Africa’s major weapons importers
According to the most recent data provided by the Stockholm International Peace Research Institute (SIPRI), between 2009-13 and 2014-18, there was a decline in arms sales to Africa by a total of 6.5%. States in sub-Saharan Africa received 25% of the total arms shipments in the aforementioned timeframes, with the top five importers being Nigeria, Angola, Sudan, Cameroon, and Senegal. Data from the Small Arms Survey shows that in 2015 other countries that received major arms shipments include Cote d’Ivoire, Malawi, Namibia, and Uganda.
Weapons sales do not occur in a vacuum, hence it is necessary to take into account the security situation of these countries. For example, two countries (Nigeria and Cameroon) are facing insurgencies, one (Sudan) has just recently had a long-entrenched leader removed by a military faction, and a fourth (Angola) borders a country in perpetual crisis (the Democratic Republic of the Congo). Hence, we can expect these governments to increase the procurement of weaponry in the coming years in order to face ongoing security threats.
Russian weapons sales to Africa
Similarly interesting is to keep in mind is the origin of this military equipment. Data shows that countries that are facing attacks by insurgents, including jihadists, are purchasing large quantity of arms from the usual sources, namely China, France, Israel, Russia, and the U.S. For example, SIPRI explains that “Russia accounted for 28 percent of arms exports to sub-Saharan Africa in 2014-2018, China for 24 percent, Ukraine for 8.3 percent, the U.S. for 7.1 percent and France for 6.1 percent.”

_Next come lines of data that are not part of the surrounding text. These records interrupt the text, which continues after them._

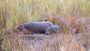 World Hippopotamus Day Nako Safari Lodge Dinokeng Game Reserve Pride Of Africa Nature Reserve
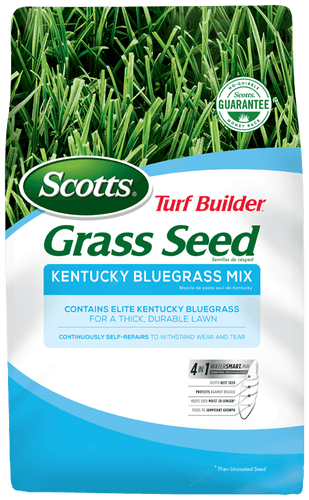 Scotts® Turf Builder® Grass Seed Kentucky Bluegrass Mix (3 lb)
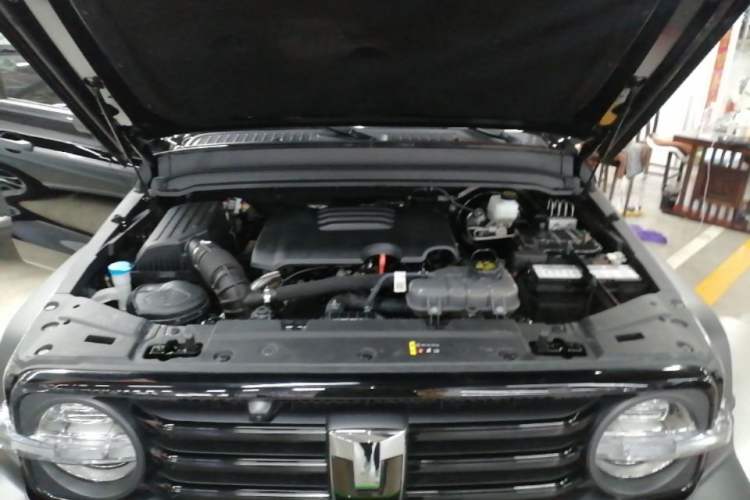 Used Tank 300 2024 2.0T Conqueror Engine Bay
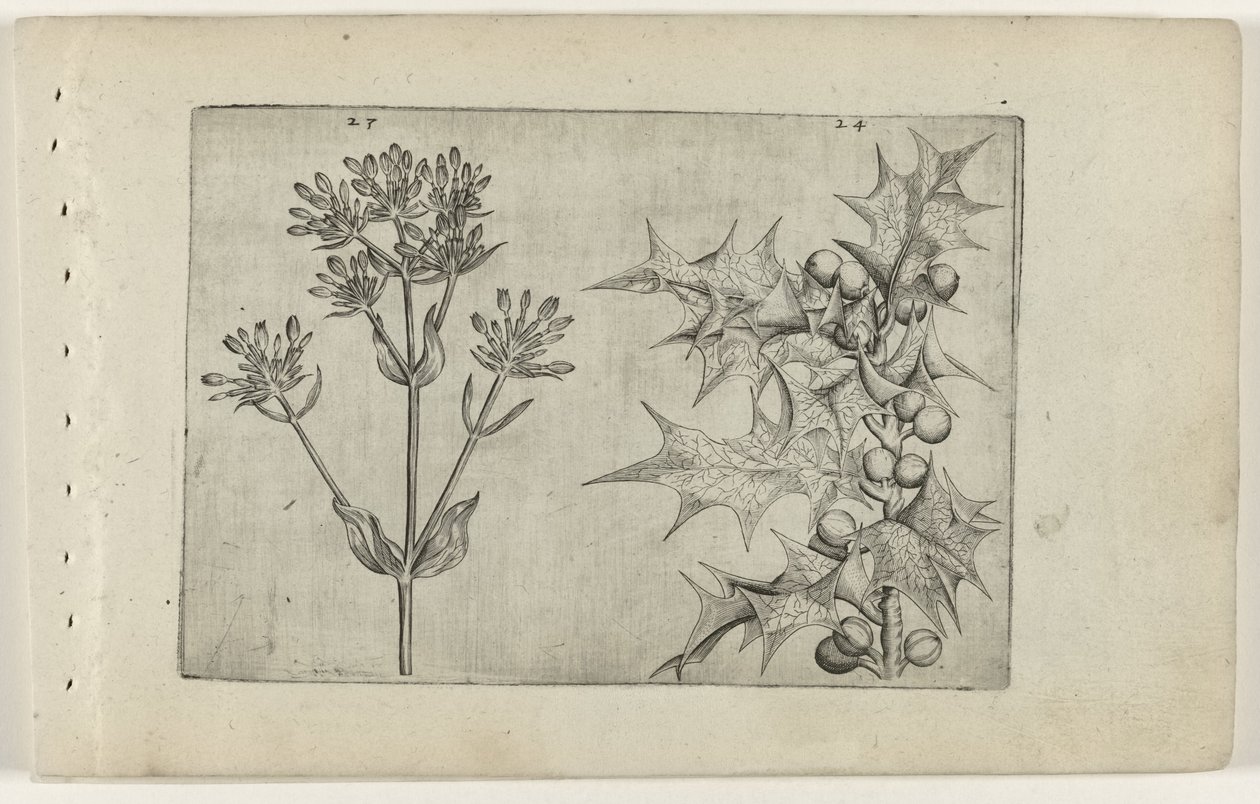 Centaury(?) y Holly Cognoscite lilia (título de la serie) de Crispijn van de Passe (I) (attributed to)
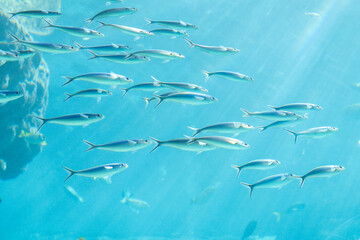 Fototapeta premium 沖縄美ら海水族館 光差す熱帯魚の海 クマササハナムロの群れ
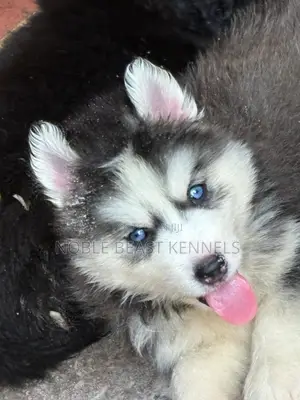 1-3 months Female Purebred Siberian Husky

This data becomes even more relevant when we take into consideration the growing role of Russia in Africa – for example in late June Moscow hosted a massive Russia-Africa economic conference. In other words, Russia, just like the two other global powers, is developing a strategy towards Africa and is seeking to expand its influence there, via diplomatic initiatives, trade, the presence of Russian private defense contractors, and weapons sales.
Other Emerging suppliers of weapons to Africa
Moreover, there are other players to keep in mind when we think about weapons transfers to Africa. For example, according to SIPRI, a main supplier of arms to Sudan, before the ouster of President Bashir, was Belarus.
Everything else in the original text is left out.